* [WHAT YOU SHOULD DO] Beginning with the line that contains "Roma Satin Semi-Face" and ending with the line that contains "Onita King Panel", reproduce the lines of the entries below exactly, omitting pictures.
(EXTRACTED DATA begins)
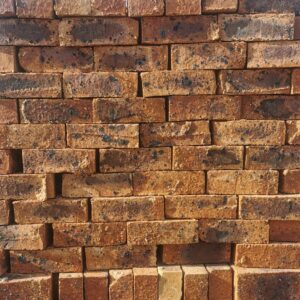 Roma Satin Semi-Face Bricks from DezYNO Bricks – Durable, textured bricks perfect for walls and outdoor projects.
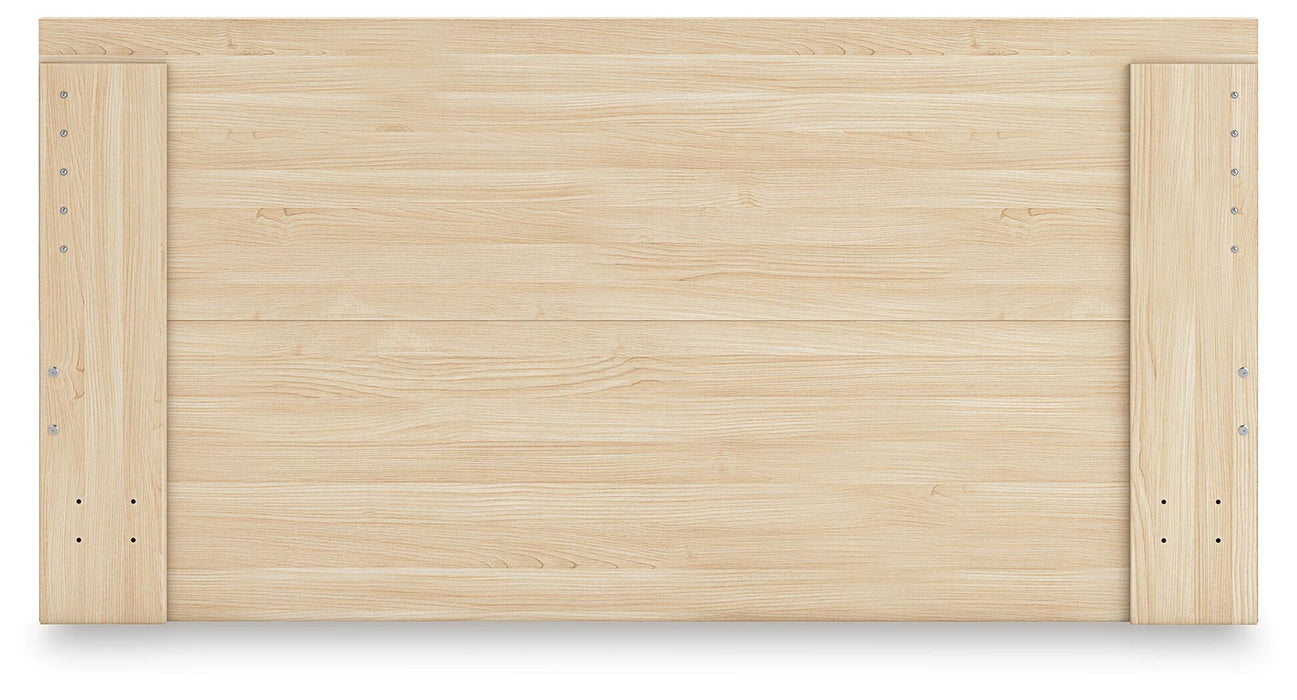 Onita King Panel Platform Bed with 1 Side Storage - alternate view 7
(EXTRACTED DATA ends)
(EXTRACTED DATA begins)
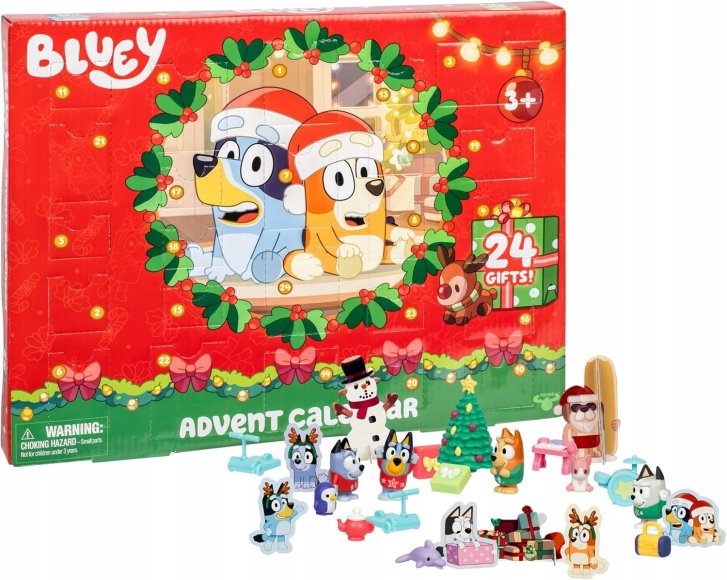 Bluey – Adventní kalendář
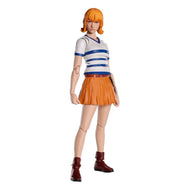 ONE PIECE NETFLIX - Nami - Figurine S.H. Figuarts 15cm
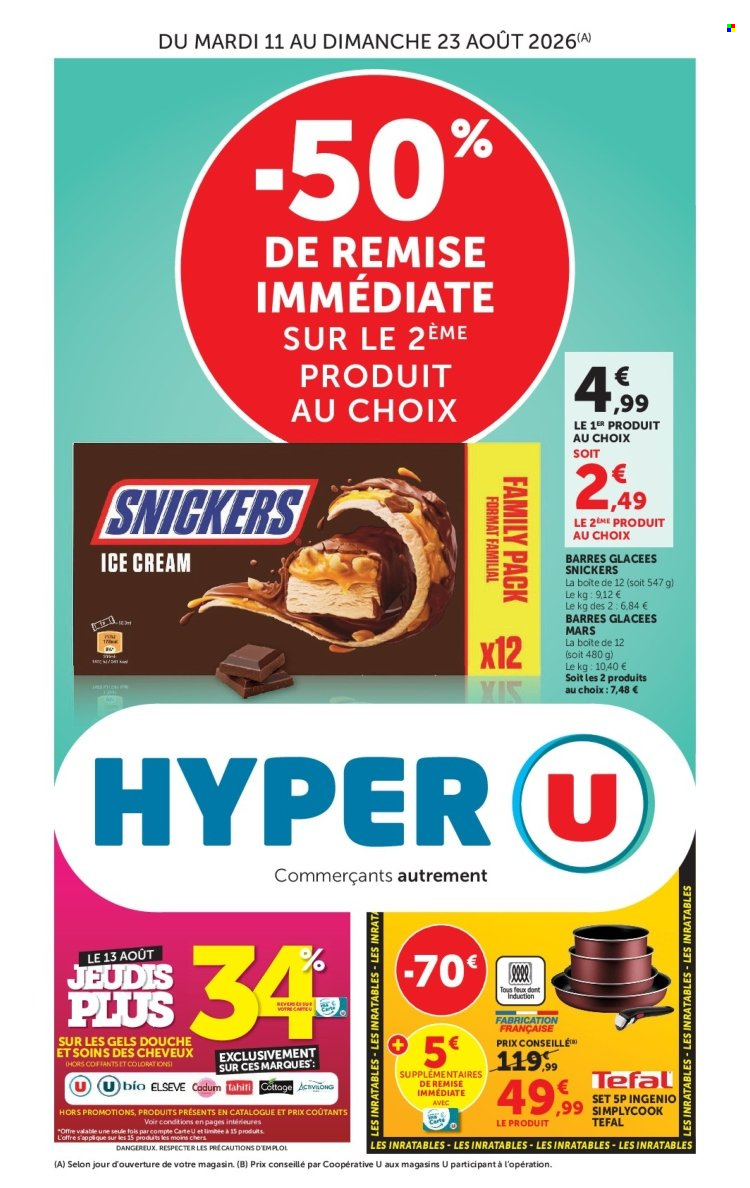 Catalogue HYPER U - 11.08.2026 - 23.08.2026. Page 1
(EXTRACTED DATA ends)
* [SOLVED PROBLEM]
 Roma Satin Semi-Face Bricks from DezYNO Bricks – Durable, textured bricks perfect for walls and outdoor projects.
 Onita King Panel Platform Bed with 1 Side Storage - alternate view 7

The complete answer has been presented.